Last night my ministry partner, Benton Stokes, and I went to the opening night of a conference sponsored by Convergence Music Project. CMP is a new effort to create and share "progressive" Christian music--that is, songs for worship that don't limit God or the variety of humankind. 

I am old enough to remember when American folk music stylings became the soundtrack for the Vatican II church. Much later, at the time I went through seminary, there was a lot of social justice-focused folky music pouring through the liberal Protestant church as well. Some of it was very good: expressing both the majesty and the accessibility of God, with rich lyrics and singable tunes. Some of it was just awful: the attempt to be relevant, to use common words, to point to a vision of justice made for some ugly phrasings and trite musicality.

@@Greatness in any art is rare, and holy, and there have to be a whole lot of expressions of creativity for jewels to emerge.@@

Some of what we heard last night was good, some wasn't, but all of it was reaching beyond Christian tribalism toward the unity of humankind, and describing a God who isn't off in a corner somewhere, sulkily counting the days until He can burn the place down once and for all.

Though I've been an activist, both in politics and in the church, I have resisted the phrase "progressive Christian" because I come from a tradition in which that phrase tended to mean that one was, first and foremost, politically liberal, leaning intellectual. It tended to also mean middle-to-upper-middle class and white--and that one thought Jesus was, at best, an inspired teacher among many. There was very little depth: God became two-dimensional and neutered (not just ungendered), while the pronoun police patrolled every hymn and him.  It was the social justice version of fundamentalism: no variation, no but/and allowed.  In that version, one couldn't be gay and Evangelical, not because of the gay part, which was fine, but because "God the Father" was right out.

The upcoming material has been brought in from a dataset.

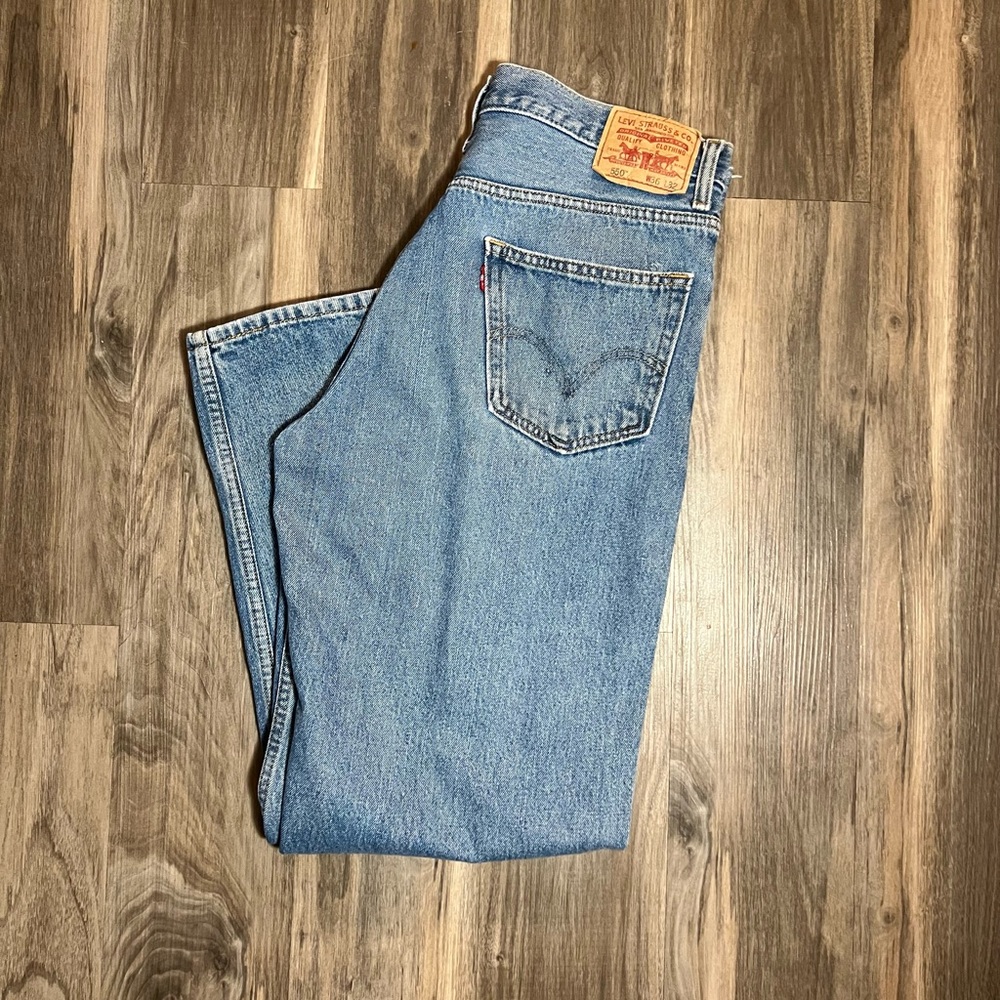 Levi's 550 Jeans Adult 36 x 32 Blue Denim Relaxed Fit Red Tab Straight Leg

In the last decade and a half or so, as the children of Boomer Evangelicals grew into a postmodern awareness of their daddy's church, many struggled with how to put an accessible, trinitarian God back on an appropriate pedestal while making worship, community, art, and life feel less prepackaged, more authentic, indigenous to their own microculture yet inclusive of others. The word "progressive" now tends to point to those who have come from a modernist, "traditional" Christian faith into a layered understanding that cannot help but make them more sensitive to injustice, unkindness, and demagoguery. The faith dictates the politics, not the other way round.

The timing could not be better. We are in an age of ugliness, when brutality is understood as strength and fear is the most powerful currency around. We are back in the flat earth days, when tribal warlords determined what counted as fact, or right, or good.

@@On a flat earth, we must become Galileos and Julians: experimenters, observers, proclaimers of reality and deep, deep truths.@@

On a flat earth, when entire civilizations are being pushed off the edge, we must take stands against lies and injustice and on behalf of "the least of these." We must be discerning, and judgmental: firmly, kindly, condemning the words and activities that dehumanize others, destroy the planet, re-entrench ways of being we thought we'd gotten past. Cowardice disguised as equanimity will not do. We who long for wholeness, for the redemption of humankind, the restoration of all of creation, must speak.

In a flat earth world, speaking includes claiming our the fullness of our identities as followers of Jesus and lovers of God and lbgtqstraight and beigebrownpinkblack and privilegedmiddleclassworkingclasspoor and environmentalists and antideathpenalty and prolife and fathers and artists and scientists and Southern whatever all we are. We must claim all of it. All of it. It is our "ands" that make us strong and unique. It is our "ands" that show that, in fact, we are made in God's image, for God is the eternal and.

Mystics and sages have always known: The closer we get to union and communion with the Great I And, the more multilayered we become. More discerning, yet less fearful. This is what it must mean to be progressive: progressing toward the fullness of and, when we truly believe that God loved the whole world, every crazy confusing insufferable atom of it, enough to reclaim and restore it all, once and forever.

I support CMP, and Benton and I went last night, because when we create spaces for a worshiping people, we need music that neither limits God nor the variety of humankind.

May we all become the kind of people who can write music expressive of the God of and, and who much more importantly, cannot help but sing it.